Judge Dredd, comme certains autres personnages de comics, avait jusque là été bien mal traité par le cinéma. Déjà personnage central d'une adaptation où Sylvester Stallone lui prêtait ses traits, il avait laisssé un souvenir amer aux fans de l'oeuvre originale. A l'époque, le film souillait le héros, Sly se permettant même d'enlever l'emblématique casque du Juge le plus célèbre de Mega City One. Quand un reboot, qui plus est en 3D fut annoncé et que les rumeurs les plus folles coururent sur le compte de celui-ci (comme, par exemple, le fait qu'il soit mis en scène par Danny Boyle), on avait tout lieu de s'inquiéter. Au final, le destin du film fut tout aussi funeste, puisque "Dredd" (notez la sobriété du titre) fut un tel bide qu'il sortit directement sur le marché vidéo dans plusieurs pays, dont la France.
Pete Travis, réalisateur de "Dredd", a fait ses armes à la télévision, avant de réaliser "Angles d'attaque" et "Endgame", deux films qui donnaient déjà un aperçu de ses ambitions de mise en scène et de scénario. Son approche de "Dredd", bien que beaucoup plus classique d'un point de vue scénaristique, est, esthétiquement parlant, l'un des grands atouts du films. L'univers de "Dredd" est conforme à l'esprit de la BD d'origine : sale, corrompu, désespéré. Certes, on pourra déplorer l'usage abusif de la 3D, quitte à être taxé d'esprit chagrin.

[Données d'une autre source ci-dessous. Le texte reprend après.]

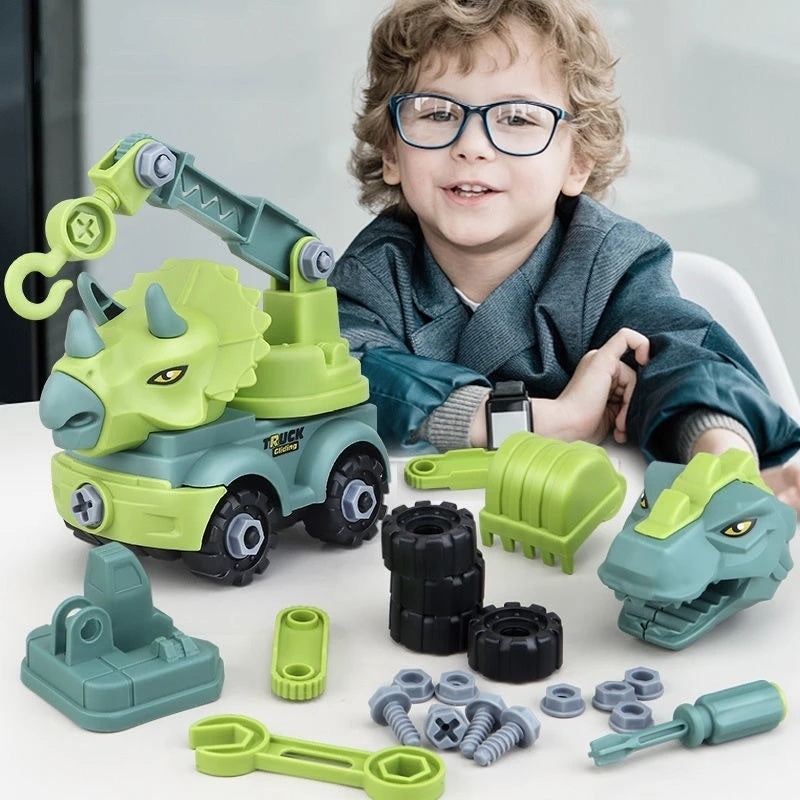 Children's construction toy dinosaur project automobile excavator dump truck, education diy car toy children's car toy - Premium Playsets & Vehicles from Rapidvehicles - Just $18.99! Shop now at Rapidvehicles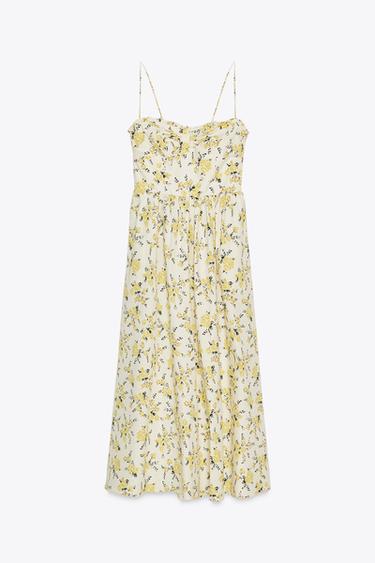 FLORAL PRINT POPLIN MIDI DRESS - Ecru/Yellow by Zara - Image 5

Dans la peau du Juge Dredd, Karl Urban, déjà repéré en Eomer dans "Le Seigneur des Anneaux" ou dans "Pathfinder", parfaitement monolithique, obtient sans doute la son meilleur rôle depuis longtemps, aussi ingrat soit le costume du Juge. A ses côtés, la jeune Olivia Thirlby tire plutôt bien son épingle du jeu, dans un casting gorgé de testostérone.
Sur la forme, donc, rien à redire sur ce "Dredd", qui ravira les amateurs d'action et d'anticipation sombre (sur une partition musicale extrêmement bien fichue, soit dit en passant). Le fond n'est, heureusement, pas en reste. A l'instar des comics dont il est tiré, "Dredd" tend au spectateur un miroir à peine déformant où se reflètent les pires travers de notre société. Sans être un de ces films de science-fiction qui donnent matière à réflexion des années durant (ne nous leurrons pas, nous ne sommes pas devant "Blade Runner", non plus), les aventures du Juge Dredd évoquent le présent en décrivant un futur cauchemardesque.
Des pétitions circulent afin que soit produite une suite à "Dredd" : c'est sans doute la preuve (bien qu'elle arrive un peu tard) de la réussite de ce film. Une fois n'est pas coutume, en plus d'être justifié, le reboot est de loin supérieur à l'original.